Nevertheless, Madonna is precluded from sustaining a claim under section 205-e against American by virtue of St. Jacques v. City of New York, 215 A.D.2d 75, 633 N.Y.S.2d 97 (1st Dep't 1995). In that case, two police officers sued New York City for injuries suffered when they tripped (in two unrelated incidents) on sidewalk cracks that violated the City's Charter and Administrative Code. The Appellate Division affirmed the dismissal of their claims on the ground that the Code provisions “neither diminish the City's nondelegable common law duty nor add to it.” Id. at 78, 633 N.Y.S.2d at 99. The court reasoned that
where as here, the statutes, on which plaintiffs rely to sustain their GML § 205-e causes of action, do not create any greater duty than that which exists at common law, but merely delineate how the duty is to be fulfilled, it cannot be concluded that the specific violations alleged by the plaintiffs increased inherent risks undertaken by officers when they respond to a call or pursue a suspect. The same risk of injury would have been present whether or not the alleged statutory violations occurred․
Id. at 81-82, 633 N.Y.S.2d at 101. See also Kenavan v. City of New York, 70 N.Y.2d 558, 567-68, 523 N.Y.S.2d 60, 63-64, 517 N.E.2d 872, 874-76 (1987).
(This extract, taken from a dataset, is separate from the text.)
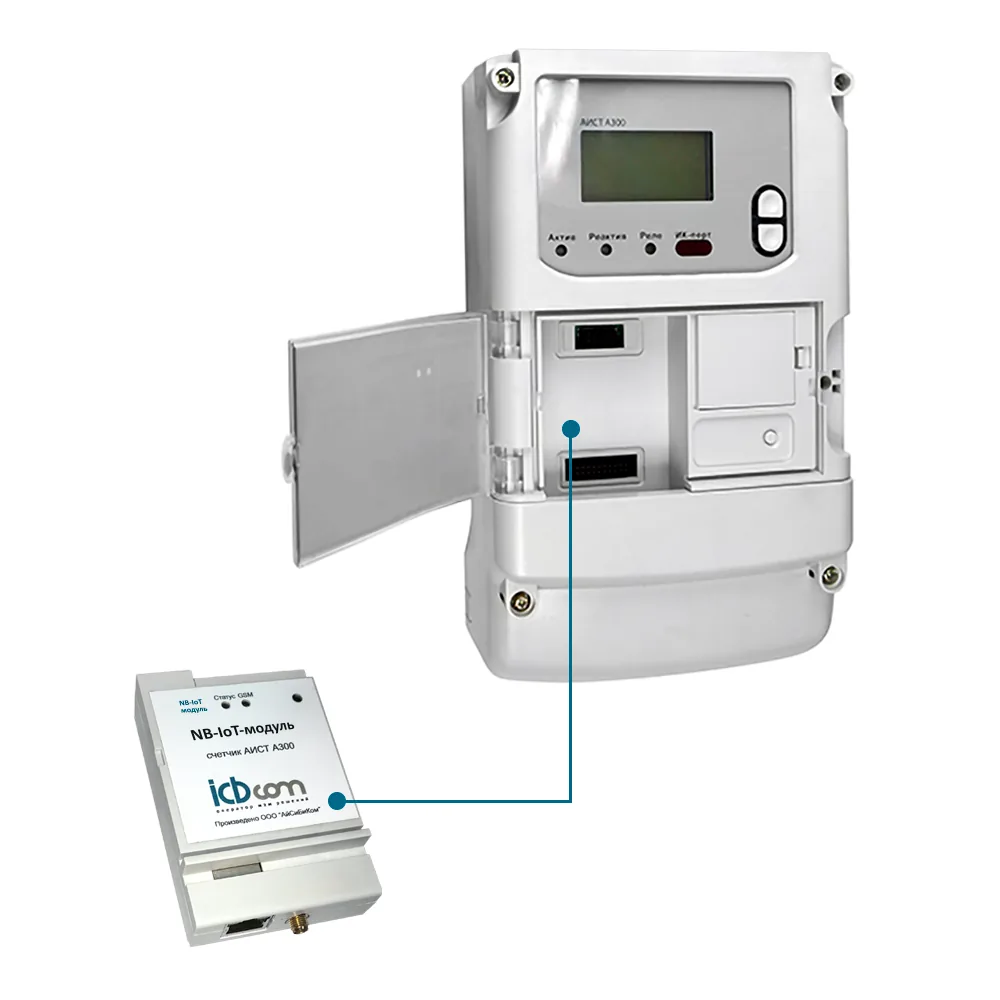 Счетчик ICBCOM АИСТ А300 NB-IOT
Like the statutes and regulations in St. Jacques, the regulation on which Madonna relies (section 19-111 of the Administrative Code) does not “set out that the [defendant] shall be liable to anyone upon a failure to abide” by it. St. Jacques, 215 A.D.2d at 82, 633 N.Y.S.2d at 101. Instead, the regulation “merely delineate[s] the rights and responsibilities of the [defendant] and the abutting land owners with respect to the [defendant's] common law nondelegable duty to maintain sidewalks and roads.” Id. The regulation does not purport to alter the duty owed to pedestrians at common law and is “not related to ․ safety.” Kenavan, 70 N.Y.2d at 567, 523 N.Y.S.2d at 63, 517 N.E.2d at 875. Rather, the regulation provides “the relevant authorities with control over the construction, maintenance and repair of public roadways and sidewalks,” St. Jacques, 215 A.D.2d at 78, 633 N.Y.S.2d at 99, and thus does not furnish a basis for liability.
Moreover, the interdepartmental memorandum on which Madonna relies provides that all curbs shall be constructed at a “standard” height, but does not specify by how many inches a curb may deviate from that standard, as curbs must, to compensate for sewers, crosswalks, driveways and other irregularities in the roadway and sidewalk. A seven-inch standard does not imply that a nine-inch curb is a breach of duty, or that a curb that is less than seven inches (as is common at crosswalks that are accessible to wheelchairs) is a violation of law. The common law continues to govern whether a particular curb is too high or too shallow; in this respect, the common law is not changed by an administrative rule that sets a height standard rather than a permissible range, and that does not impose liability for non-compliance. Deviation from that standard, therefore, cannot furnish a basis for American's liability to Madonna.
For the foregoing reasons, the decision of the district court is affirmed.
1. Madonna testified that “I couldn't see the curb. See, I was looking straight ahead․ I knew there was a curb there, but I didn't know exactly where it was, and when I stepped off and the stretcher kept on going and I fell ․ it was a long distance down.”